I felt stunned. With those few words, he had completely undone my view of the universe—and of my place within it. No wonder Ilerium now seemed a distant, fading memory. None of it mattered. None of it had ever mattered.
And yet… every fiber of my body told it had mattered. I had loved Helda. I had given my heart and soul to serving King Elnar and Ilerium. It had been my whole life… my whole reason for existing. It had been real… at least to me.
Now, suddenly, Dworkin reduced all I had ever known to a single mote of dust floating in a great ocean of a universe, a place so vastly, unimaginably huge that I could only just begin to take it in.
“But it felt so real!” I whispered.
“The Shadows are real. People live and breed in them, build cities and empires, work and love and fight and die, all the while never knowing anything of the greater universe that lies beyond.”
“And the Logrus? Is that what controls it?”
“No. The Logrus is—” he hesitated, as if searching for the words to describe the indescribable. “It is a key to finding your way amongst all the Shadow worlds. It is like a maze. By traversing its length, from start to finish, someone born of Chaos may have the Logrus imprinted on his mind forever. It frees your perceptions, allows you to control your movements. You can pass freely through the Shadows and find your path among them.”

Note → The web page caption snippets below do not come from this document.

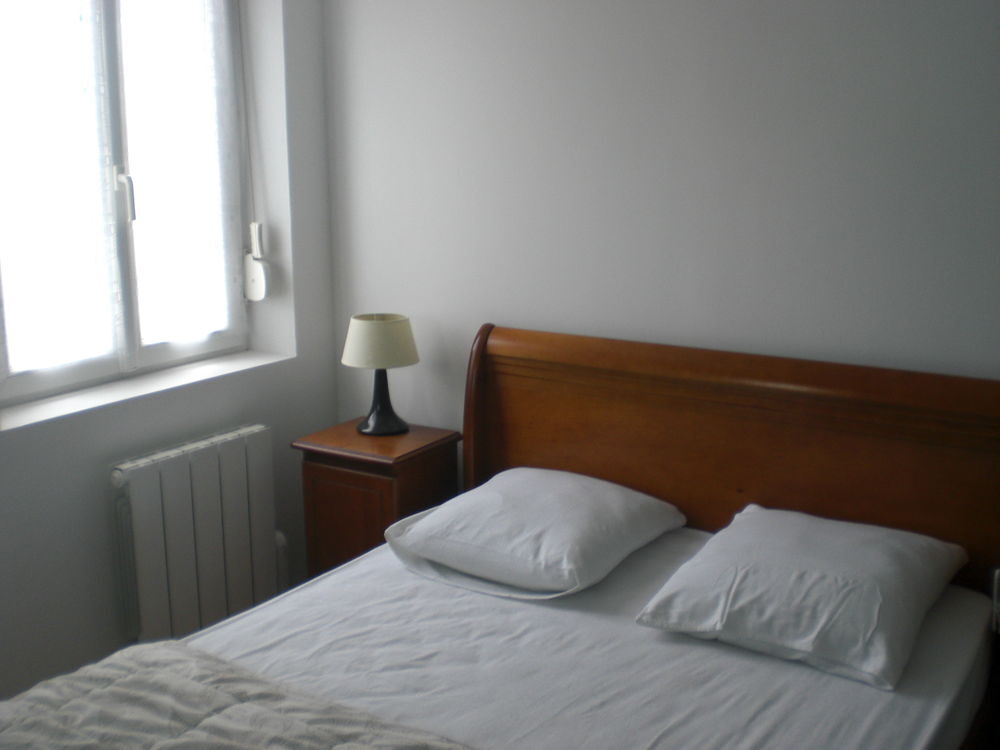   maison vacances en baie de somme apartir de 80 euros la nuit Picardie, Cayeux-sur-Mer (80410)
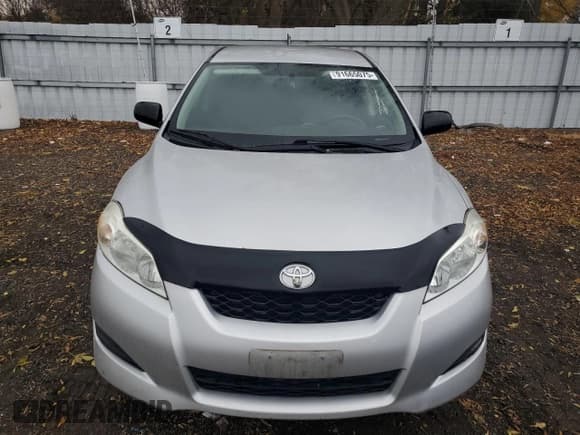 ✅ 2010 Toyota Matrix • VIN: 2T1KU4EE8AC426342 • Lot: 91665075. Wystawiony na Copart z przebiegiem Nie podano. Bezpłatny archiwum sprzedaży aukcyjnych z USA i szczegółowy raport historii pojazdu na DreamBid. Zdjęcie 5.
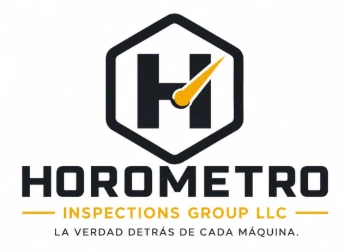 Horometro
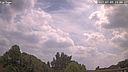 Wetter Vorschau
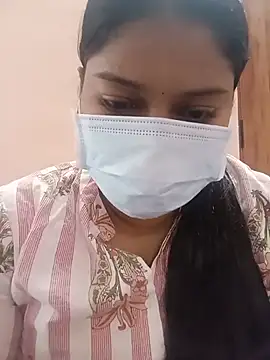 Snapshot of Tamil_Hot_Rithaniya chatting on 06.27.26 Tamil Hot Rithaniya online show from 06.27.26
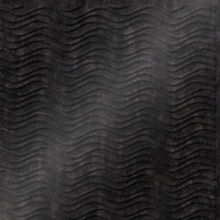 Sierra Ceiling Gunmetal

Freda’s words on the journey in the carriage came back to me. “That’s what you did on the way here.”
“Yes. We traveled through many Shadows. We took an indirect route.”
“When can I go through this Logrus?”
“Soon. The Logrus is difficult and dangerous. It is not something to undertake lightly, and you must prepare for it. And, afterwards, it leaves you disoriented… sick for a time.” He hesitated. “Besides the ability to travel through Shadows, it confers other powers, too.”
Other powers? That caught my attention.
“Like what?” I asked cautiously.
“This.” Dworkin reached into the air and suddenly plucked a sword from nothingness.
I gaped at him. “How—”
“I had it in my bedchamber. I knew where I left it, and I used the Logrus to reach for it… to bridge the distance between my hand and where it lay. A kind of mental shortcut, if you will, between here and there.”